SMO Multimedia plans its first kiosks at eight shopping malls, though he wouldn't identify them. In each case, SMO will set up its kiosks in or near the food courts.
"We'll fire one at a time, but pretty aggressively on those first eight," said Pratt.
The company estimates it will begin rolling out the machines this summer.
"In some cases, there will be revenue sharing with the malls," Pratt said. "In some cases, there will be almost no rent, and pure revenue sharing."
Following the Money
Both Pratt and Gallner believe that initially, the venture's chief profit center will be plasma screen advertising. In time, as the kiosks become entrenched in each mall, SMO will profit from offering services to smaller mall merchants, merchants which cannot afford to run their own loyalty or registry programs.
"At first, the largest part will be the plasma advertising, followed by gift certificate programs," said Pratt. "One of the things that we've done to insulate ourselves from the typical e-commerce woes is that only 12 percent of our revenue model is built on actual e-commerce sales. I think that the market is telling us that's it's not completely ready for e-commerce, but it certainly needs to be there."
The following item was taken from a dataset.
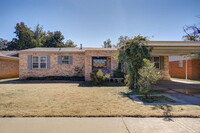 Building Photo - Completely Remodeled Spacious 4-bedroom 3-...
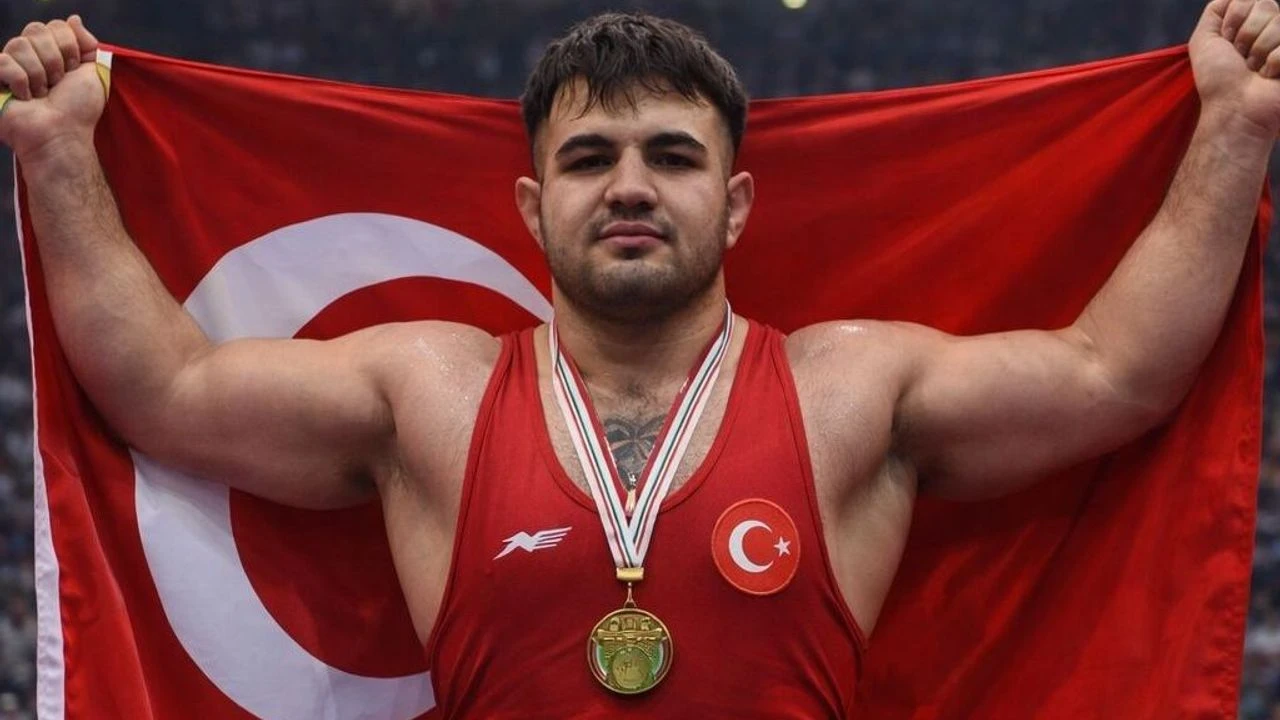 YOZGATLI MİLLİ GÜREŞÇİMİZ MACARİSTAN’DAN BRONZ MADALYA İLE DÖNDÜ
Kiosks in malls are certainly not a new idea, but SMO's approach -- combining a visually striking unit with live customer service personnel - is innovative. Gallner believes that kiosks in this setting will have to be visually interesting in order to succeed.
"We firmly believe that if anyone is going to be successful in deploying multimedia kiosks, there's definitely a need for dynamic displays," said Gallner. "The only other thing that's going to make a kiosk venture work from an ad perspective is to have plenty of eyeballs, and people coming up to use the units. Other ventures in the past have failed because there weren't enough of them out there, or it wasn't an organized enough plan."